START Supplied data
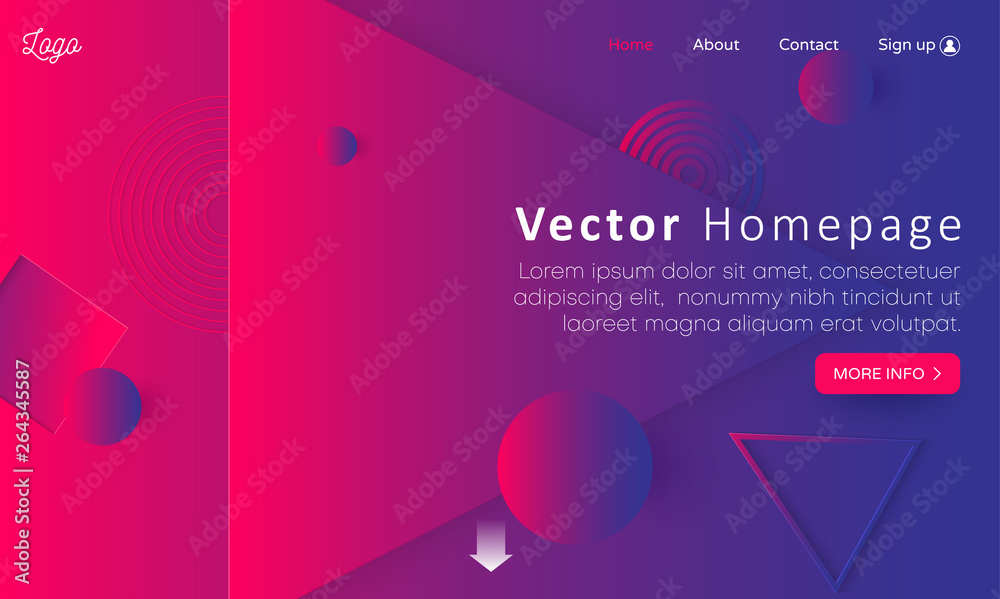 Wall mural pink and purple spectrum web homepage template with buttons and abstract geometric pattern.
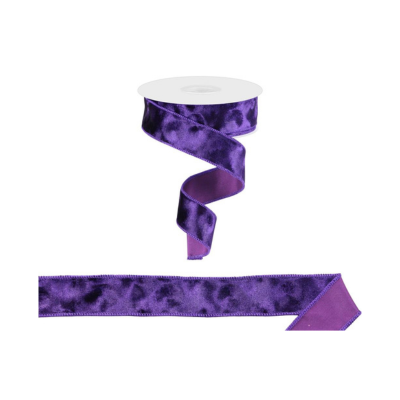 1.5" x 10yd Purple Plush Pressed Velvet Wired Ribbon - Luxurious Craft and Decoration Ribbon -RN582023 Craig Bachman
END Supplied data
START Supplied data
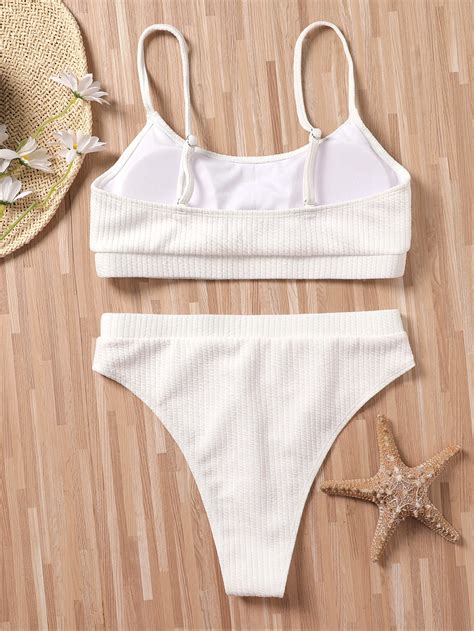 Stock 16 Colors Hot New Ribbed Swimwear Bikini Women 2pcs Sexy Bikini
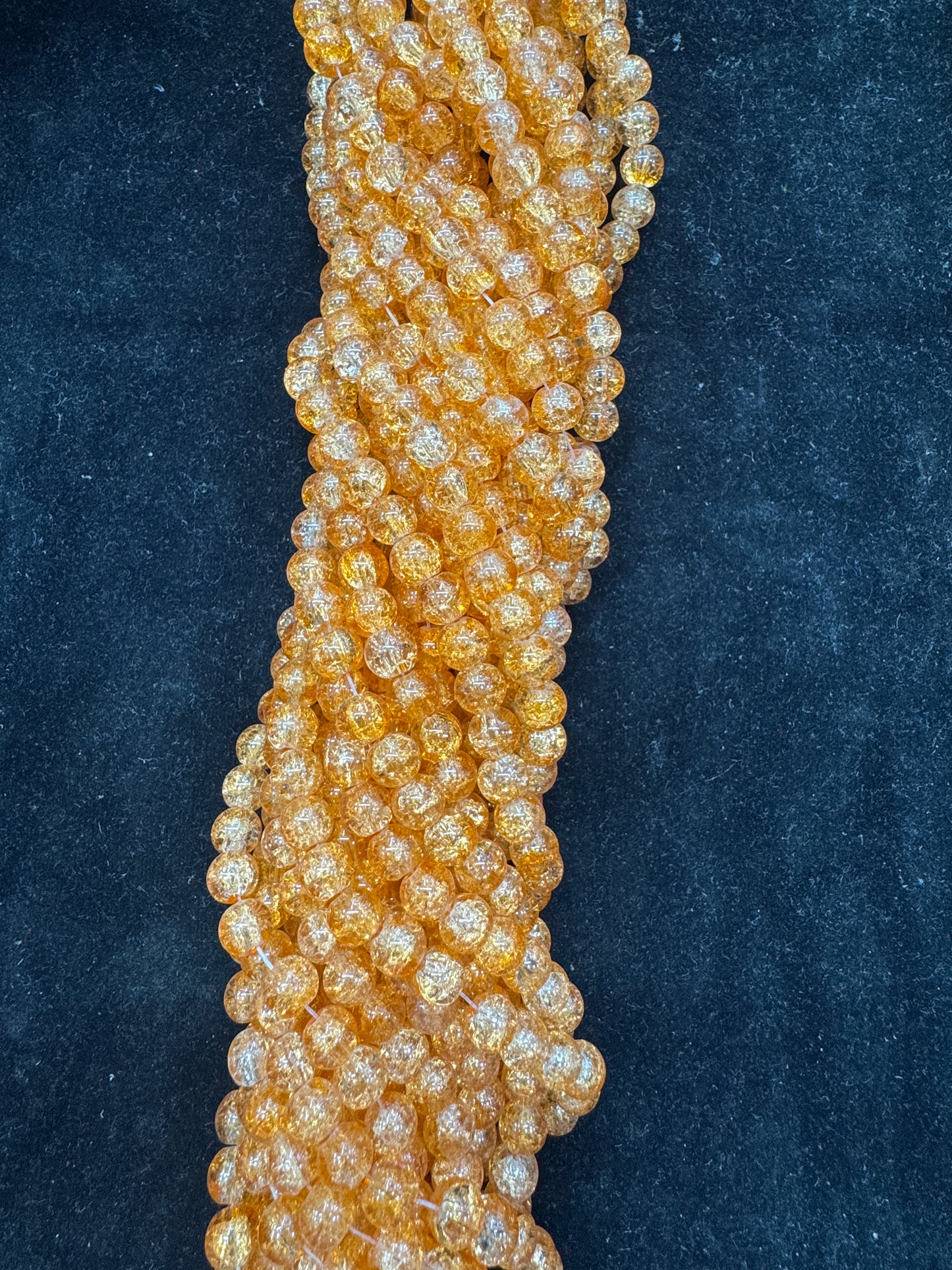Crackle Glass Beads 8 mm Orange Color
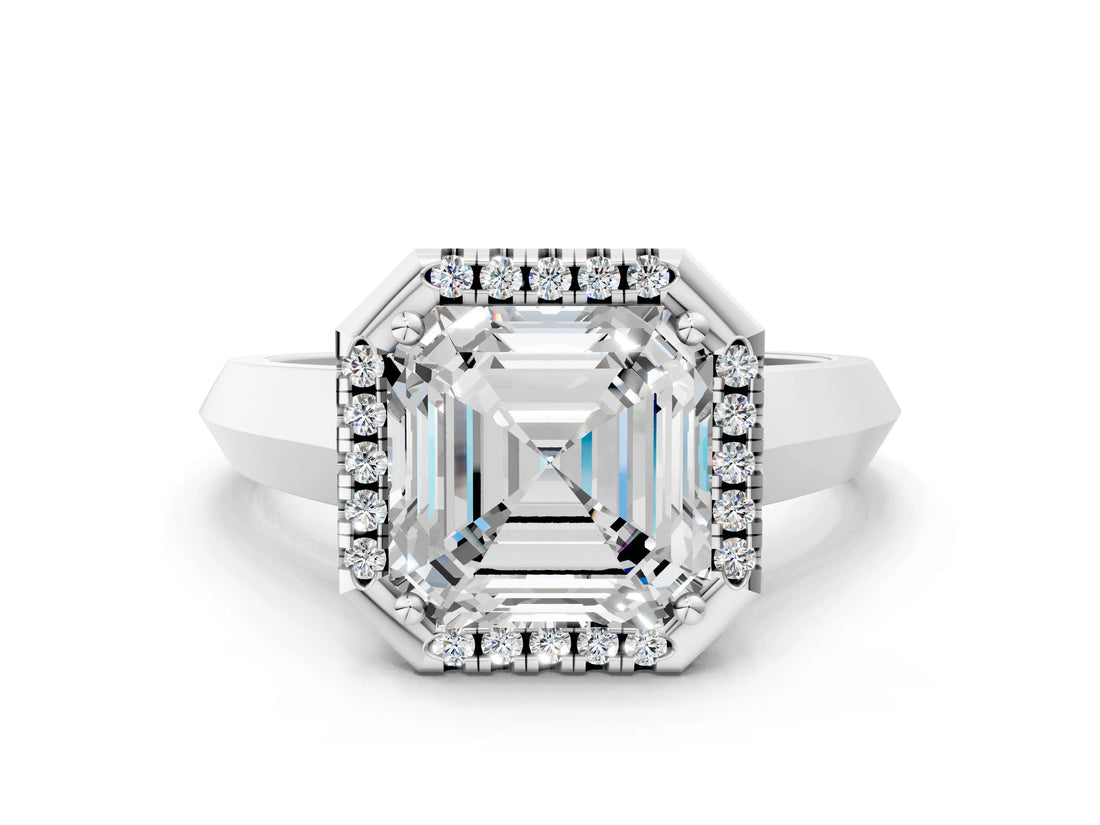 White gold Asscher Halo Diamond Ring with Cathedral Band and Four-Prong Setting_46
END Supplied data
### Task item:
Using the data above, transcribe exactly the lines between those containing "Wall mural pink" and "-RN582023 Craig Bachman", inclusive, and leave every picture behind.

### Exercise answer:
 Wall mural pink and purple spectrum web homepage template with buttons and abstract geometric pattern.
 1.5" x 10yd Purple Plush Pressed Velvet Wired Ribbon - Luxurious Craft and Decoration Ribbon -RN582023 Craig Bachman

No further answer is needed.